In terzo luogo una cosa è sollecitare la commutazione della pena altra è chiedere l’indulto, così come hanno fatto di recente i famigliari di Benavides e alcuni ex-militari. Secondo il nostro ordinamento giuridico l’indulto non si può applicare a un crimine di lesa umanità; l’indulto, inoltre, estingue la responsabilità penale del processato. La commutazione della pena, invece, non nega in nessun momento l’esistenza del crimine né la responsabilità che vi ha avuto la persona giudicata; solo suppone un cambio della pena imposta.
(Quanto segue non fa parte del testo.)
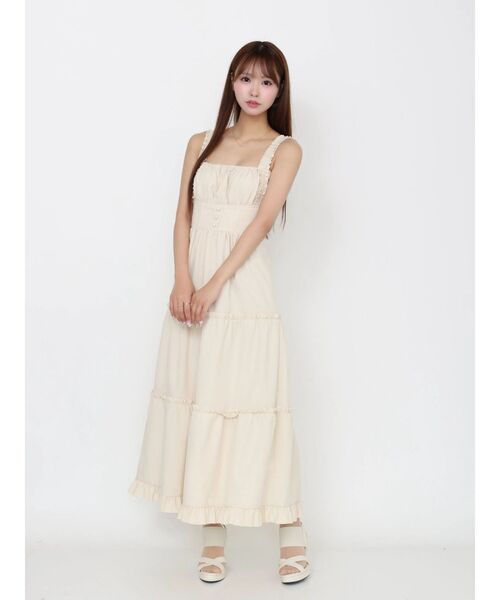 EATME(イートミー)の「コルセットライクティアードワンピース(ワンピース・レディース・レッド/ブラック/アイボリー・MEDIUM/SMALL)」の9枚目の写真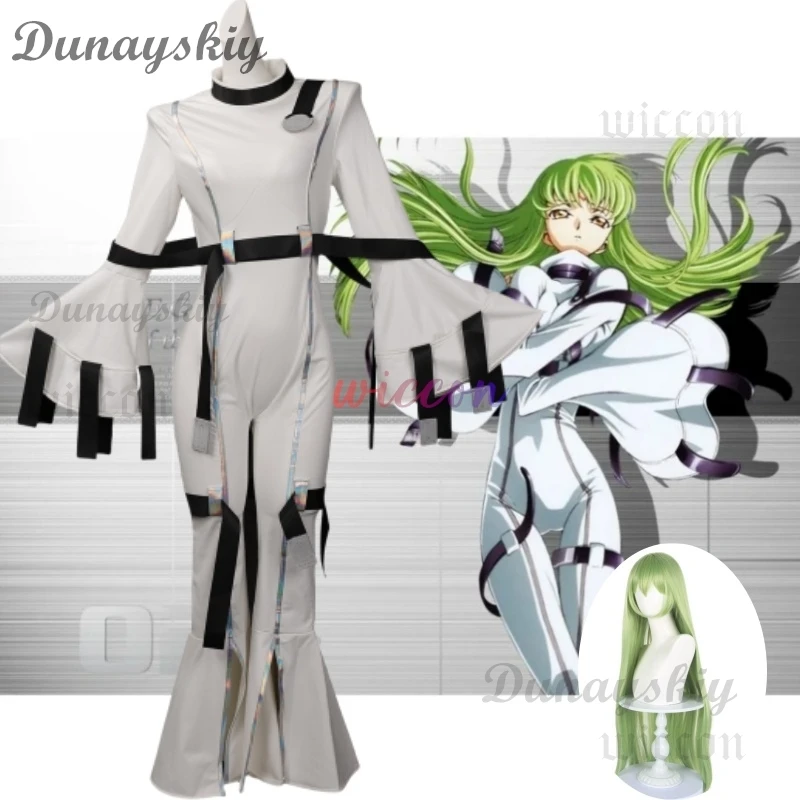 Anime Code Geass Lelouch Of The Rebellion C.C. Cosplay Costume Sexy White Tight Leather Jumpsuit Uniform Wig Woman Party Suit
Quello che si sollecita in questo caso è una sostanziale riduzione della sentenza, passando dai 30 anni originali ai quasi quattro anni di reclusione che ha già scontato in carcere.

È fondamentale chiarire che con questa richiesta di grazia per Guillermo Benavides non si rinuncia a nessun diritto proprio delle vittime e neppure a proseguire in un processo che porti ad identificare gli autori intellettuali del massacro nella UCA, per portarli davanti alla giustizia e conoscere la verità sulla loro partecipazione al crimine e, nel caso venissero dichiarati colpevoli, gli vengano comminate le pene corrispondenti. Questo con totale autonomia dalla possibilità che, dopo il processo, gli si conceda il perdono pubblico.

Chiedere la riduzione della pena per Benavides è possibile e giusto perché in questo momento si conosce la verità, si sa qual è stata la sua partecipazione al crimine, a chi ha dato ordini e istruzioni. È stata fatta giustizia perché il militare è stato portato davanti ad un tribunale e anche se il processo è stato celebrato con molte irregolarità, è stata imposta la pena massima che le leggi stabilivano in quel momento. Consideriamo inoltre che all’espellere la legge di amnistia dall’ordinamento giuridico di El Salvador, com’è avvenuto, si annulla automaticamente l’impunità che pesava sul crimine.

In questi anni sono stati organizzati anche atti di riparazione per il massacro, fin dove un crimine di questa natura possa essere rimediato. Si è proceduto ad indennizzare il figlio di Julia Elba (la domestica che lavorava con i gesuiti uccisi, N.d.T.); sono state riparate le installazioni del luogo dove sono stati commessi gli assassini, che venne severamente danneggiato dalle Forze Armate nel tentativo di occultare il massacro; e, per finire, anche lo Stato, attraverso l’allora presidente Mauricio Funes, ha accordato ai gesuiti assassinati un riconoscimento postumo, l’Ordine José Matías Delgado nel grado di Grande Croce d’Oro.

La compagnia di Gesù e la UCA confidano che la loro richiesta di grazia per Guillermo Benavides contribuisca a una vera riconciliazione e apra il cammino a processi simili che permettano, finalmente, di chiudere le ferite della guerra civile in El Salvador.